Farage claims ‘well-known' figures want to join Reform UK cabinet

Independent03-07-2025
Nigel Farage has indicated that a future Reform UK government could appoint individuals from outside Parliament to key cabinet positions, challenging the traditional Westminster model.
Speaking during an LBC phone-in on Thursday, the Reform UK leader dismissed the notion that ministers "must all be politicians in the House of Commons" as "nonsense".
He drew parallels with the US system, where cabinet members frequently have no prior electoral experience, arguing that running public finances should be approached "as if you're running a business".
While declining to name any specific individuals under consideration, Mr Farage hinted at significant progress, stating: "I'm amazed by the conversations we're having already." He said: 'Some of them are very well-known people.
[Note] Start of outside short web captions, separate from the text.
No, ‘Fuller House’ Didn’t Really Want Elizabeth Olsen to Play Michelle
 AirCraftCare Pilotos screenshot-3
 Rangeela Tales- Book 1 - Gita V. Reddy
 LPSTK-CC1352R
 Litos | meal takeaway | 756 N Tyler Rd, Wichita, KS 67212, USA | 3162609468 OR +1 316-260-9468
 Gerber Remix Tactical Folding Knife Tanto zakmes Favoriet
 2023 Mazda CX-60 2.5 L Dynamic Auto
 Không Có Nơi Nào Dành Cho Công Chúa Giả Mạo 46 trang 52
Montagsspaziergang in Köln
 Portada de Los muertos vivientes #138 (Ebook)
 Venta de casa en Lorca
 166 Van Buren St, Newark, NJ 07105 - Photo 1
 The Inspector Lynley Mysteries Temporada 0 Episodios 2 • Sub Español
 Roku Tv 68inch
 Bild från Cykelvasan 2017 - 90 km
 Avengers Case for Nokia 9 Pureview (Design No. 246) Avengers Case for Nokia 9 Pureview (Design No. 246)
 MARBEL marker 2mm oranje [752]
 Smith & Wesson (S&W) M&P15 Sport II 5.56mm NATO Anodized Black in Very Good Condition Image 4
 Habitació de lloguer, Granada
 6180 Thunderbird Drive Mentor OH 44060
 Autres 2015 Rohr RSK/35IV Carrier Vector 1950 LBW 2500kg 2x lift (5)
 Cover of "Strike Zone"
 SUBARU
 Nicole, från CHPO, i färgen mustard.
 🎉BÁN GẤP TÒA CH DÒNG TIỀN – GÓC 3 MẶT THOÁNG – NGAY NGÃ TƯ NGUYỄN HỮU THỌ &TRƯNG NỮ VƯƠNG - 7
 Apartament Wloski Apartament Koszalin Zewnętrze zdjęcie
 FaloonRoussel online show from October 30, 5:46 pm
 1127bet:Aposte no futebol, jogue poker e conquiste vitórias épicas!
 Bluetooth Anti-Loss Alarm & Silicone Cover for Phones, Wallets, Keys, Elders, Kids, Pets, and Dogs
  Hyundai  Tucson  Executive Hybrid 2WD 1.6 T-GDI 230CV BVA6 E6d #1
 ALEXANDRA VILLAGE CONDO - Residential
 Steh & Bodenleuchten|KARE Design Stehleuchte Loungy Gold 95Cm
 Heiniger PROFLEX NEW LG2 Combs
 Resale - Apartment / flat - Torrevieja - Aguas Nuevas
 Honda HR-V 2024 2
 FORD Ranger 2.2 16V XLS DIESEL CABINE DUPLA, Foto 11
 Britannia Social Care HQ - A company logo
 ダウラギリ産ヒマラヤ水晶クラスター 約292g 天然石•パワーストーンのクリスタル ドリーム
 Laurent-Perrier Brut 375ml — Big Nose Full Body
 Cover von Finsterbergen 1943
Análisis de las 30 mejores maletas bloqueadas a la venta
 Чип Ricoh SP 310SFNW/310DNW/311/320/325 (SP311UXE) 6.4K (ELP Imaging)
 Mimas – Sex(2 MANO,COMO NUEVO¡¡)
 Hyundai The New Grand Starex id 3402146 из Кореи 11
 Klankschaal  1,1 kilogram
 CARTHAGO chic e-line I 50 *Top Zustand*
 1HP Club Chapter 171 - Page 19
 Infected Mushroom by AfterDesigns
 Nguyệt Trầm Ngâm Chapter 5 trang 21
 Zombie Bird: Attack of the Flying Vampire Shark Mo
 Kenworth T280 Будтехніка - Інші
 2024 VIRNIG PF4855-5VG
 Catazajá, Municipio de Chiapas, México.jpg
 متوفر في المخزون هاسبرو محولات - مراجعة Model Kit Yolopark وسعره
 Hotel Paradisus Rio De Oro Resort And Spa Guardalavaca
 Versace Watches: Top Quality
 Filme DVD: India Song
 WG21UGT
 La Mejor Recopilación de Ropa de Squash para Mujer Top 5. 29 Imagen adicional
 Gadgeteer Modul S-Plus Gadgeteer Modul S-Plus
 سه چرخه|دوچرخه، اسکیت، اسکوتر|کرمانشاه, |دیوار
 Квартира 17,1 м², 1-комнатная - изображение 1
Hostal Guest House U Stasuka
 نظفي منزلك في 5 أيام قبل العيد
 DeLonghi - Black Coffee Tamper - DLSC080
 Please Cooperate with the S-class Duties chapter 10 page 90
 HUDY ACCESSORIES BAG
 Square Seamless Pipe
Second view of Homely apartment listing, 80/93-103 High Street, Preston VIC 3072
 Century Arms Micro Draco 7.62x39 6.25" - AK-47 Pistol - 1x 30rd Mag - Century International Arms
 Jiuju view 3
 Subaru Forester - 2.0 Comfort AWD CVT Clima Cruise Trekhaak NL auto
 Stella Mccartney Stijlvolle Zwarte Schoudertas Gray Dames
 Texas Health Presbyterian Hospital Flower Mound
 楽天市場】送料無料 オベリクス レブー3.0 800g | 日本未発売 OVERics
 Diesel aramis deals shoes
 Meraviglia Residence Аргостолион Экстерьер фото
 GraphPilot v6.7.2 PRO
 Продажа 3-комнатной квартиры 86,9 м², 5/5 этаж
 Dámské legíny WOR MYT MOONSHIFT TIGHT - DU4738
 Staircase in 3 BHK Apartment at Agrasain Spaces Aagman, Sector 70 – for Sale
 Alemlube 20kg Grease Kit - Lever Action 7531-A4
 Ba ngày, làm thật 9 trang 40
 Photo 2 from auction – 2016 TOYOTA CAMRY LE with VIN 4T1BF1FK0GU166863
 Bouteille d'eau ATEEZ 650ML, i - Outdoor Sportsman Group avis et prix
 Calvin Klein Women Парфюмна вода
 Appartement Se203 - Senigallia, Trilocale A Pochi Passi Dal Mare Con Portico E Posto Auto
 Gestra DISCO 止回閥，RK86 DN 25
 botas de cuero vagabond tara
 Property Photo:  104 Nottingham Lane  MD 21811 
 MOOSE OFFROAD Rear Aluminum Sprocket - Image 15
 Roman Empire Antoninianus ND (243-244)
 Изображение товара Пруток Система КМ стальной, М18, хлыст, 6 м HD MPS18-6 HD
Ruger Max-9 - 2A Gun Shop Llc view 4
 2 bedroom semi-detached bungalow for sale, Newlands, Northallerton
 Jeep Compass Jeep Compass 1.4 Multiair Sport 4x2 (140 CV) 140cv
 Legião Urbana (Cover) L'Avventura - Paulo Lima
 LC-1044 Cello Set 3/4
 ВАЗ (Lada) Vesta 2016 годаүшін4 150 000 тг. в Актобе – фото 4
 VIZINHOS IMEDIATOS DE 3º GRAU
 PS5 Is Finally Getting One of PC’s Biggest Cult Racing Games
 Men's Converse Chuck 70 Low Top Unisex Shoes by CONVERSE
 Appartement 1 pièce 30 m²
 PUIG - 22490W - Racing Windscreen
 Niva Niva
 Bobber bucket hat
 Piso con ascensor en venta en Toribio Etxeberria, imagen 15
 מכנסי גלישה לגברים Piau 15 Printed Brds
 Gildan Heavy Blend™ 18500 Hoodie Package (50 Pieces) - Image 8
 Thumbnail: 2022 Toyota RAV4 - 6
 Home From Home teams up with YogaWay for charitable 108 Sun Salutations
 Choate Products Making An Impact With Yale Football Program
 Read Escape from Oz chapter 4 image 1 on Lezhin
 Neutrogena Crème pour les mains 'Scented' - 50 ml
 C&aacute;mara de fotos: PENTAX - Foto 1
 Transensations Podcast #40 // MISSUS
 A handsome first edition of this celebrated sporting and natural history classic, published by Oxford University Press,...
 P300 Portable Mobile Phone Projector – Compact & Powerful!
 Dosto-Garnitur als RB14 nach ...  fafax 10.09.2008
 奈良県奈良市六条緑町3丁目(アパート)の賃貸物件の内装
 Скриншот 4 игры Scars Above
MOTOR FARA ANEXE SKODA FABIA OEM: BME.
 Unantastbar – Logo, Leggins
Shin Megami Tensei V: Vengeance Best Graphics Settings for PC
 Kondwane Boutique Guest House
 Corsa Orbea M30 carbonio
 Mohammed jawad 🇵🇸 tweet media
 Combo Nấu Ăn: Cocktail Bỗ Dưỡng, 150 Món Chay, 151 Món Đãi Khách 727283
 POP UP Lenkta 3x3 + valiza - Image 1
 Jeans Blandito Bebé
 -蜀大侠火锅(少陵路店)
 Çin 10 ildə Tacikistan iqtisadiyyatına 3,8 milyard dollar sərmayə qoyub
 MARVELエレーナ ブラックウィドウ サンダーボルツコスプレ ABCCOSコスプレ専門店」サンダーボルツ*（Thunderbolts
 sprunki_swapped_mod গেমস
'This country is in economic, social and cultural decline, we are in big trouble, and a lot of people recognise that if this is not turned around within the next decade, the place will, frankly, not be worth living in.'
In the wide-ranging phone-in, he also said he wanted to be prime minister because he did not 'see anybody else with the guts to take on the really tough issues this country faces and turn it round'.
Asked whether he supported same-sex marriage, which he previously opposed, he would only say it was a 'settled issue', and he described a recent Commons vote to decriminalise women who have abortions after the 24-week limit as 'disturbing'.
Mr Farage also ruled out banning non-stunned meat, such as kosher and halal products, saying he did not 'like it' but there were 'more important, more urgent priorities'.
He also called for US President Donald Trump to be allowed to address Parliament when he comes to the UK later this year, after he was barred from doing so on his previous state visit.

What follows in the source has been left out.